Si l’on se fie à nos dictionnaires, une terra incognita est un territoire n’ayant pas encore été exploré par les exploratrices, voyageuses et autres marchandes. Mais rien n’empêche les romancières ou poétesses de partir à la recherche de ces terres inconnues ou si peu familières.
C’est en tout cas ce que se propose de faire Lucie Taïeb dans sa magnifique « en-quête » La mer intérieure. Ce livre nous entraîne au cœur d’une région minière en transition, marquée par près d’un siècle d’extractivisme. En donnant à voir les lacs substituts de mines, presque leurs empreintes, l’autrice explore des paysages et des lieux qui n’existent plus, qu’il ne sera plus possible aux générations futures de connaître. Elle raconte la lutte acharnée des habitants pour sauver ce qui peut encore l’être. Elle défriche des espaces inédits où pourrait se côtoyer ce qui n’est plus et ce qui n’est pas encore.

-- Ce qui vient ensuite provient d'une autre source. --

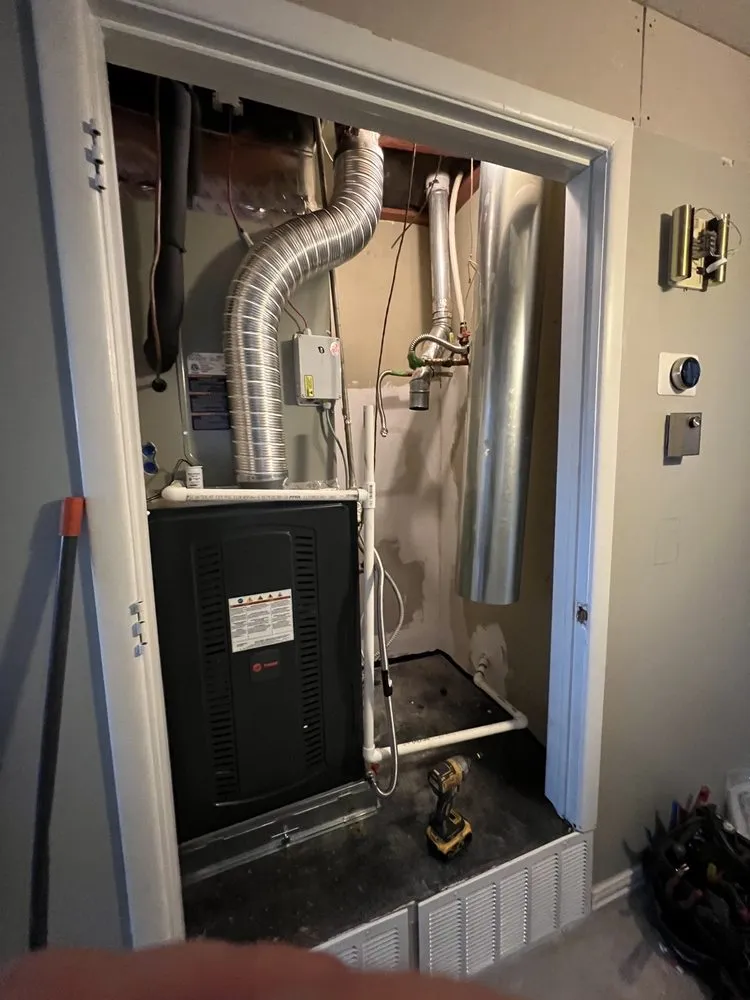 Slide of Mondragon Mechanical Air Conditioning & Heating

Dense et incarné, La mer intérieure déploie une écriture de l’absence, presque fantomatique, portée par la présence des propres fantômes de son autrice. Ainsi, le récit interroge-t-il la place de celles et ceux qui restent quand les lieux et les proches chers disparaissent. Il nous place face à nos trahisons, nos responsabilités et, surtout, face à la possibilité et à la nécessité de s’accrocher au monde, à sa matière, à sa chair. Ne serait-ce que pour ne pas céder au mensonge de l’identité et demeurer le terrain d’une exploration sans fin.
Lucie Taïeb, La mer intérieure ? En quête d’un paysage effacé, sortie le 4 septembre 2024, Paris, Flammarion, 176 p., 21 euros.